Anita Prestes wrote it after going through a wealth of Nazi documents about her mother that were recently declassified in Russia.
Early years
Born into a Jewish family in Munich in 1908, Olga Benario became involved in Communist activities early on. Aged 20, she was forced to flee to the Soviet Union with her finance, Otto Braun, a writer whom she helped escape from Berlin’s Moabit prison in 1928.
Due to her military training, Olga was assigned to accompany him as a bodyguard. In order to accomplish this mission, false papers were created stating that they were a Portuguese married couple.
After a failed insurrection in November 1935, Olga and Luis were arrested by the pro-Nazi regime of Brazilian President Getulio Vargas.
An investigation, conducted jointly with German Gestapo, disclosed Olga Benario’s real identity. Pregnant and separated from Prestes, she was deported to Germany in 1936.
In was in one of Berlin’s prisons that Anita Prestes was born later that same year.
When asked about the hardship she had suffered as the daughter of revolutionaries in Adolf Hitler’s Germany, Anita, now a doctor of philosophy in Moscow, said that she was proud of her parents and of the ideal of social justice they had instilled in her.
After spending a year in prison, Anita was separated from her mother and sent back to her family in Brazil. Olga Benario spent the next six years in jail and concentration camps before she died in a gas chamber in Ravensbruck on April 23, 1942.
In her last letter to her daughter and members of the Prestes family, she wrote, “I fought for the most fair, kind and best things for this world.”
“There is more information which I’m holding back right now to keep people interested,” she told Sputnik Mundo.
Parts of this story have been retold in numerous books and a popular Brazilian film based on Benario's life, “Olga,” directed by Jayme Monjardim, which focused on her love affair with Luis Prestes.
Gestapo accounts
The declassified documents consist of 2,000 pages of the so-called “Bernario Trial.” After the war they were seized by the Soviet Army and were kept in KGB archives in Moscow for decades.
Anita Prestes, who says she is a “Brazilian Communist proud of the internationalist ideals of her parents who died for the Revolution,” has also published a biography of her father.
Legacy
The daughter of Olga Benario and Luis Prestes is worried by the lack of social justice in Brazil.

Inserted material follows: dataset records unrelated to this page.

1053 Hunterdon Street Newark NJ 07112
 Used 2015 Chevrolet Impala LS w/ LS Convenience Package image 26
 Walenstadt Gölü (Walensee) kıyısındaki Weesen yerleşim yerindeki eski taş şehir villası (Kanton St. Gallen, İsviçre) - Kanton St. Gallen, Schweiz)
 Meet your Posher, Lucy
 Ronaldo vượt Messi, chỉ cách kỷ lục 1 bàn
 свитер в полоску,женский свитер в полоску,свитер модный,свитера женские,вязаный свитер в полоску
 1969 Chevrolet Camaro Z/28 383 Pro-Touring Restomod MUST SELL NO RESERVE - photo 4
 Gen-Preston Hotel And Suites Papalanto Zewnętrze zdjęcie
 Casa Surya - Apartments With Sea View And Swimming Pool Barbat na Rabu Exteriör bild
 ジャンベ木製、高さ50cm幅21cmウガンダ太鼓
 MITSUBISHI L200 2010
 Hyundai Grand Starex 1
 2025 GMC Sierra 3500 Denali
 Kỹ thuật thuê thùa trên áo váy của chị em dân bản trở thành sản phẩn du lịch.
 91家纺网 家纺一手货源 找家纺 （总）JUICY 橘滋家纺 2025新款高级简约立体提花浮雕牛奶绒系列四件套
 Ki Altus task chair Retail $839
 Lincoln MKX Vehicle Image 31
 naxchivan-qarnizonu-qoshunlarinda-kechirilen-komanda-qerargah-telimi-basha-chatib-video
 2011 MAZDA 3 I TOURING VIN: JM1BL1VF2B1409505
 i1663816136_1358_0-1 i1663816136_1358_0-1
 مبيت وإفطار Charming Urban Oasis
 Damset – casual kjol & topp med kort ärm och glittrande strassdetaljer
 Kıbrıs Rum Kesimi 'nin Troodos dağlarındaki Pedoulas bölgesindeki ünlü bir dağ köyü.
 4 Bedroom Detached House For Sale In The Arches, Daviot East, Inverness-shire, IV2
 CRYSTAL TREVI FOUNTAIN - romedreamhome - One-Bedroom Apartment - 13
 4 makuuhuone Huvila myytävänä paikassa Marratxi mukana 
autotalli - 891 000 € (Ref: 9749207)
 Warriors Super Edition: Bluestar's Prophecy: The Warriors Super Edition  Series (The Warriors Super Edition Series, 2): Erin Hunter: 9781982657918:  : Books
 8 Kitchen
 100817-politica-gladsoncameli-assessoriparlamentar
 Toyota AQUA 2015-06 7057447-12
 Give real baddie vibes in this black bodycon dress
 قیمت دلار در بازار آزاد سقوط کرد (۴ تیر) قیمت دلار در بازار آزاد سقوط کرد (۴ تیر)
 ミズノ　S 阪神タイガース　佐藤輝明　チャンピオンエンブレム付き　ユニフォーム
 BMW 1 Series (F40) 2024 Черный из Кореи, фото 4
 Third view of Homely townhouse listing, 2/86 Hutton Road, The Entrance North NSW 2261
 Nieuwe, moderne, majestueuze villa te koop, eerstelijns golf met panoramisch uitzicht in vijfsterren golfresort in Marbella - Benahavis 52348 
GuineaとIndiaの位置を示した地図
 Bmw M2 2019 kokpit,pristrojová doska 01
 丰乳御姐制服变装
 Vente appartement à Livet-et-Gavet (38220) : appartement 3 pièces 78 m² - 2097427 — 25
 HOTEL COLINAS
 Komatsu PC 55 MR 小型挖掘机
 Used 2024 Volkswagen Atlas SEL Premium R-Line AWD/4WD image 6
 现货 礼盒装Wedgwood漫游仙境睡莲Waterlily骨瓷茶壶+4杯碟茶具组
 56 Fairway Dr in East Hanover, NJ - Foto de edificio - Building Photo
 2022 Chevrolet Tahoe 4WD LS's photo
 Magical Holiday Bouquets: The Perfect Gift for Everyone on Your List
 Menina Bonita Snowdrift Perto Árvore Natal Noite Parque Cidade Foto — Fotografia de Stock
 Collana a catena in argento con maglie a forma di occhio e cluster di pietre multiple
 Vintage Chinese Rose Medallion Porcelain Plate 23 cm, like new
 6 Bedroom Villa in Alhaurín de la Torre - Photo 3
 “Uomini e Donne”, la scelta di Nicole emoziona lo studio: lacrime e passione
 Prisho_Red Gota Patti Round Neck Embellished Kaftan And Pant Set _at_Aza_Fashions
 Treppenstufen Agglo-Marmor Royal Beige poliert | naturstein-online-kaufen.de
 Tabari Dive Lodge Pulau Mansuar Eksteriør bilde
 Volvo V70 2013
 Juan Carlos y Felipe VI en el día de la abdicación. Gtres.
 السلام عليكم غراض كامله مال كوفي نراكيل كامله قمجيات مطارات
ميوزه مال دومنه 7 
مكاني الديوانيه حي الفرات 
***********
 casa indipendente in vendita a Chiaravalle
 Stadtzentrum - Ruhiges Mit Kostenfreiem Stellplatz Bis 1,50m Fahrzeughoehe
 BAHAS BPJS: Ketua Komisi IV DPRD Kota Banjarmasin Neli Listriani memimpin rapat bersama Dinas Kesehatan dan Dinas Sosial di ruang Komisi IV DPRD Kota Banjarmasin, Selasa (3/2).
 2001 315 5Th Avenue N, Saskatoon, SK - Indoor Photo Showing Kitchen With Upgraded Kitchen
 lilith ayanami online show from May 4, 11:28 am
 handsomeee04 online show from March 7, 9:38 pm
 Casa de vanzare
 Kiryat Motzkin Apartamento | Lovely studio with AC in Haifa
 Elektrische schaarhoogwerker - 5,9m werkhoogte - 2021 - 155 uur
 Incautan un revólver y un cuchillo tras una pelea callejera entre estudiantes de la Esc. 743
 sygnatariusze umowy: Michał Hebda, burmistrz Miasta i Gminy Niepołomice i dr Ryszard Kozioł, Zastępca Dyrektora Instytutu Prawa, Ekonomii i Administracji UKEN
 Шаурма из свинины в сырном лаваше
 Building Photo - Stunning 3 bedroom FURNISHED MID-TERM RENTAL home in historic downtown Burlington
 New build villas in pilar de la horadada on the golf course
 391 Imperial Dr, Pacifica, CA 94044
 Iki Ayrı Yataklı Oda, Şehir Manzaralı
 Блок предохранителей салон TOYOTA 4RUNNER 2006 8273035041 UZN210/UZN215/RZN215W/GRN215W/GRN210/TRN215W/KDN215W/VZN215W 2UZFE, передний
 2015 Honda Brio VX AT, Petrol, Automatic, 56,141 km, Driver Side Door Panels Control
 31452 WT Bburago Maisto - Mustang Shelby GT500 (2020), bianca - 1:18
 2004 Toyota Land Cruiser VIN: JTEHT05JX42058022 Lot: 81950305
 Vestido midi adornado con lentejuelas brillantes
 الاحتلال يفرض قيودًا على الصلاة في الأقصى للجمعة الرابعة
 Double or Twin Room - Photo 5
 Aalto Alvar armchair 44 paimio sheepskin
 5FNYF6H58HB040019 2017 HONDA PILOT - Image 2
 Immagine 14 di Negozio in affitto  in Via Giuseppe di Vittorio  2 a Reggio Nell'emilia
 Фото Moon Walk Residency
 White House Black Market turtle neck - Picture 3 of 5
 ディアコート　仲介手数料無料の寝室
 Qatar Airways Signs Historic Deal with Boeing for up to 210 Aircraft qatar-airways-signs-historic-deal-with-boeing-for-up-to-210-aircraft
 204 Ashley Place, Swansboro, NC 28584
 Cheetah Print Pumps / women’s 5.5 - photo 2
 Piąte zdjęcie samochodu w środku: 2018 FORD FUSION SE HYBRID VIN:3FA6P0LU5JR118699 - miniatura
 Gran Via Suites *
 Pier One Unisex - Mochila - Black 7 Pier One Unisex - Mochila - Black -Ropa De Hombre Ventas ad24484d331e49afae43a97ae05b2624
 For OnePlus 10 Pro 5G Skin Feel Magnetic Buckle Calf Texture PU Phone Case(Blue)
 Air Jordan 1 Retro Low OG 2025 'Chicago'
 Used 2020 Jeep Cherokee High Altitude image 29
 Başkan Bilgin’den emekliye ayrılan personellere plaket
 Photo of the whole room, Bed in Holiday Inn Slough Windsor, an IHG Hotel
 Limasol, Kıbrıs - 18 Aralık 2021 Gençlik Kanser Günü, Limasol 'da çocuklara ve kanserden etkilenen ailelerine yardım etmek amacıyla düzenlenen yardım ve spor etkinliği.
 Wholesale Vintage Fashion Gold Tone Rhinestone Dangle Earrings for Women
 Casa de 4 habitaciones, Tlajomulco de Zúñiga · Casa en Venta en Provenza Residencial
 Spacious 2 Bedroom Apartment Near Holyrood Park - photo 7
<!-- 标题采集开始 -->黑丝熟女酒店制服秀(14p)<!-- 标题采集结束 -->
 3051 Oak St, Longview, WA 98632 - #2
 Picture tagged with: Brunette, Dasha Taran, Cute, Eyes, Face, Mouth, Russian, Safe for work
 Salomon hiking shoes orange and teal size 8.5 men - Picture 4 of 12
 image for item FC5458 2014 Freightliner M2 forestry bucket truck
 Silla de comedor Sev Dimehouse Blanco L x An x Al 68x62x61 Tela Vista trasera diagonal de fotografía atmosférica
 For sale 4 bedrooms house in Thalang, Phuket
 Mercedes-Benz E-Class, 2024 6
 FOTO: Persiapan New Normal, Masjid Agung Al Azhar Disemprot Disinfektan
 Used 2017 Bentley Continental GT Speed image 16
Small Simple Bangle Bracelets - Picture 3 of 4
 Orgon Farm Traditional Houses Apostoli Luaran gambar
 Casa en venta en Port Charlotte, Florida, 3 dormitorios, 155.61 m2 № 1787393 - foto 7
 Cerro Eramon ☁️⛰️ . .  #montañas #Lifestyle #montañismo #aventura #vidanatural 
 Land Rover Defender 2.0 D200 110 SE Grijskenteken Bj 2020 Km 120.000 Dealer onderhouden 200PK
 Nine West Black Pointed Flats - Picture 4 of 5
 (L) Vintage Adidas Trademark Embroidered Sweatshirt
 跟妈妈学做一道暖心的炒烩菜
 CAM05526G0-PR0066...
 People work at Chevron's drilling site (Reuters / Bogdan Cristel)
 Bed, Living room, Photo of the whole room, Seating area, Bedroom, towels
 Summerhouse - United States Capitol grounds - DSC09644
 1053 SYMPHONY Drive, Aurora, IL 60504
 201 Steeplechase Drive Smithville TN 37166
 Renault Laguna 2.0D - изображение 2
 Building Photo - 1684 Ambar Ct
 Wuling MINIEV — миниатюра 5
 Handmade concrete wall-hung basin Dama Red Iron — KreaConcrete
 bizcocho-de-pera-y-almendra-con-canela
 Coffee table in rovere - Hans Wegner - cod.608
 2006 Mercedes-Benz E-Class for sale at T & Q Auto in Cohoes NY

She considers President Michel Temer as “a usurper of the mandate not handed to him by the Brazilian people” and condemns “the parliamentary putsch,” which deposed former President Dilma Rousseff last year.
Anita Prestes wants “all of the country’s democratic and progressive forces” to join together to offer “a real power alternative that would cater to the needs of the working people and the majority of the population.”